At first glance Fangirl might not seem like the sort of book that would resonate with me at all. The characters are a lot younger than me, there are no dragons or aliens or murder, the protagonist is female (which only ever matters in terms of some problems I will never have to face), there’s a large emphasis on fanfic (which I don’t do), and there’s a fairly hefty romance side plot. The book really worked for me overall, though. It was gently humorous, which helped, but I think a lot of what I connected to was Cath’s introversion and the going away to college experience. It doesn’t matter that my college experience was so different – I couldn’t help but be called back to my first semester and all the fear and excitement there. I remembered what it was like to meet these strangers I’d live with for a semester or more and have to learn how to get along with other people’s daily rhythms. There’s the fear and wonder with new classes, the adventure and tenseness of walking across campus for the first time… So yeah, it doesn’t matter that Cath is wandering through a Nebraskan campus complete with fields and animal pens and I was heading down a path in the woods that was sometimes blocked by moose – the essential college experience was the same underneath all the details.

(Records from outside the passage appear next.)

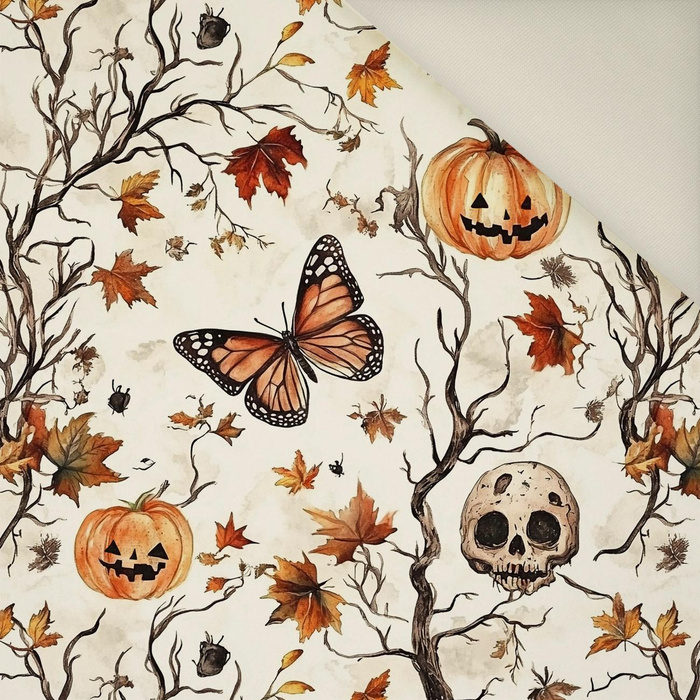 HALLOWEEN WZ. 35- Upholstery velour 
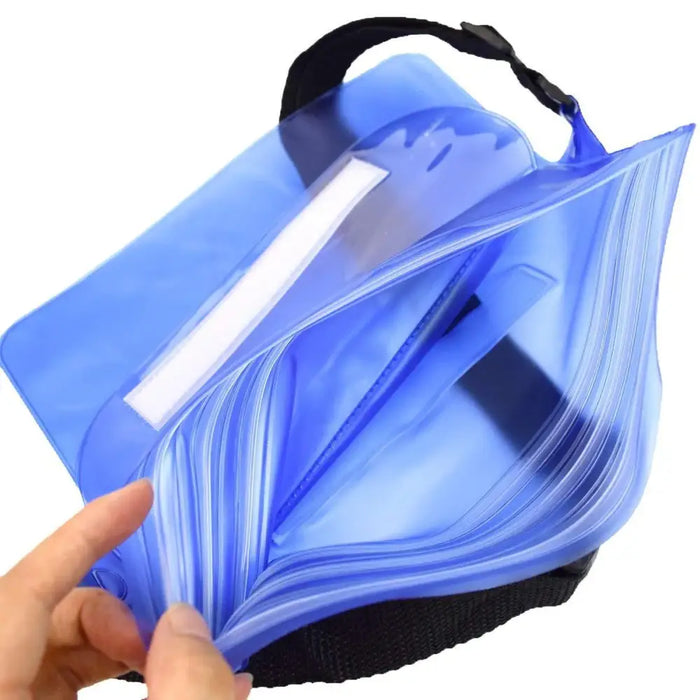 PVC waterproof pouch / waist bag - white - Cell phone cases and covers<<<HurtelXML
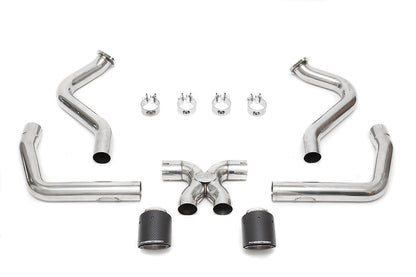Fabspeed Porsche 981 Cayman GT4 Lightweight Competition Exhaust System (FS.POR.981GT4.CESXX)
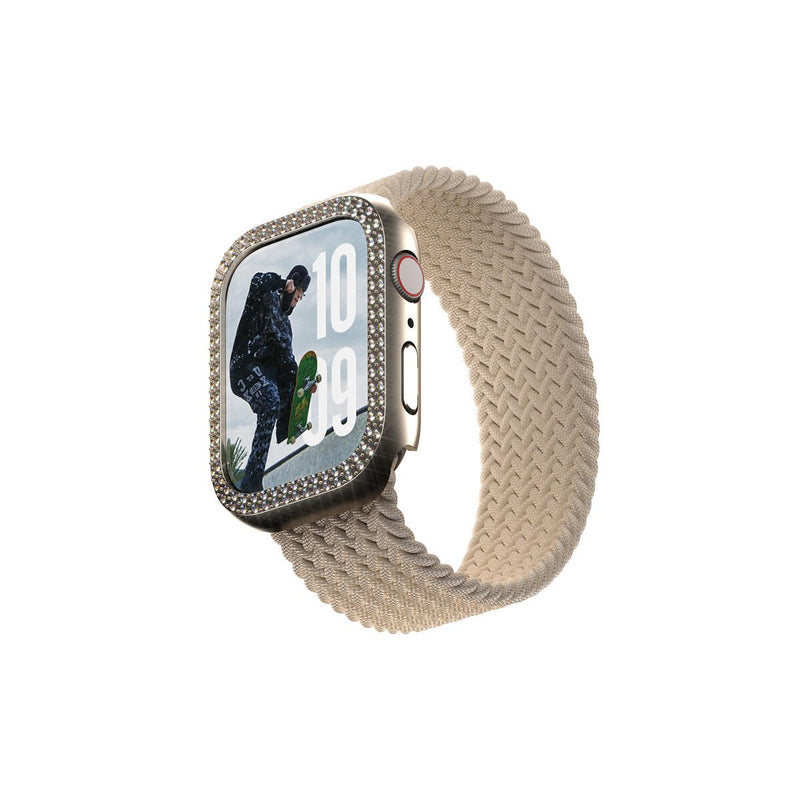 SAFE. by PanzerGlass® Displayschutz Bling Bumper Gold für Apple Watch Series 10 - 41mm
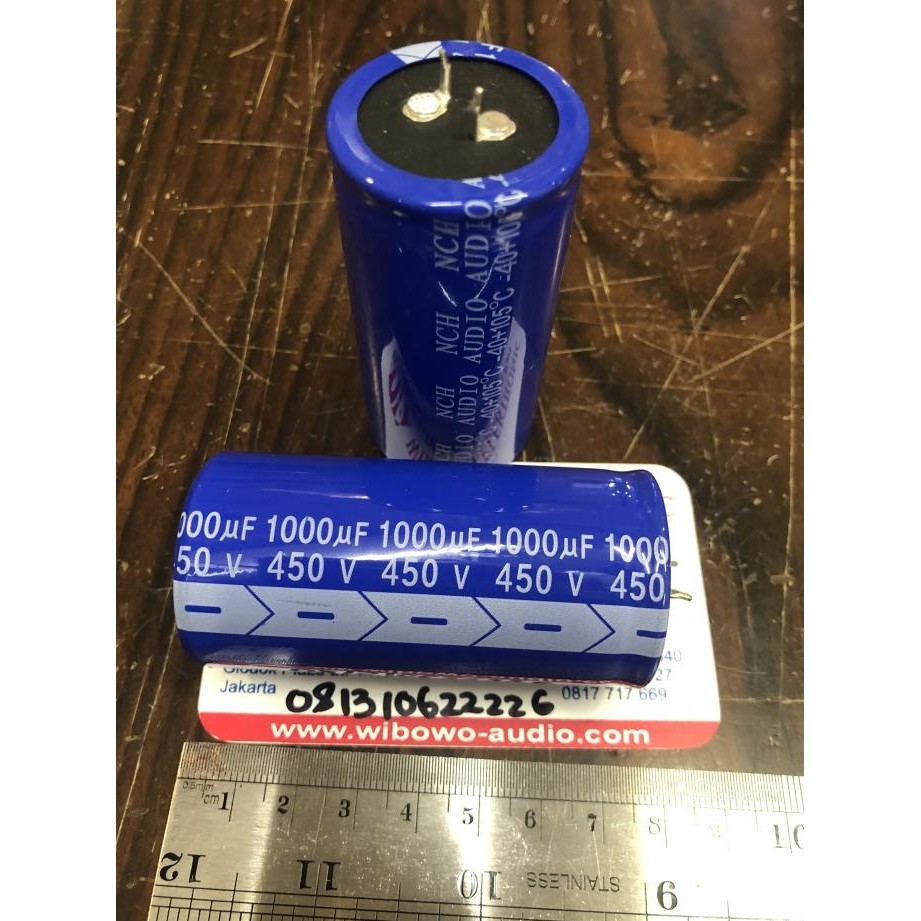 Elco Capacitor 1.000uf 450v elco 1000uf 450volt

I think the book explored, well, two extremes of the college experience in an interesting, if somewhat black and white, way. The moral may have been a bit strong, but then, it’s a definitely a time we probably look back on ourselves and judge things a bit more harshly, examine what we should have done… Because college life, after all, is one place that many of us feel we started ourselves down one pathway or another (or, if you’re me, you keep adding more paths on…).
The other two main subplots have to do with caring for someone with a mental illness – and this subplot was handled well – and dealing with a family trauma. I think that was also done well, but not in the way I expected at all. There’s usually a formula for that sort of thing, but a lot of it is neatly sidestepped so Cath can make her own way.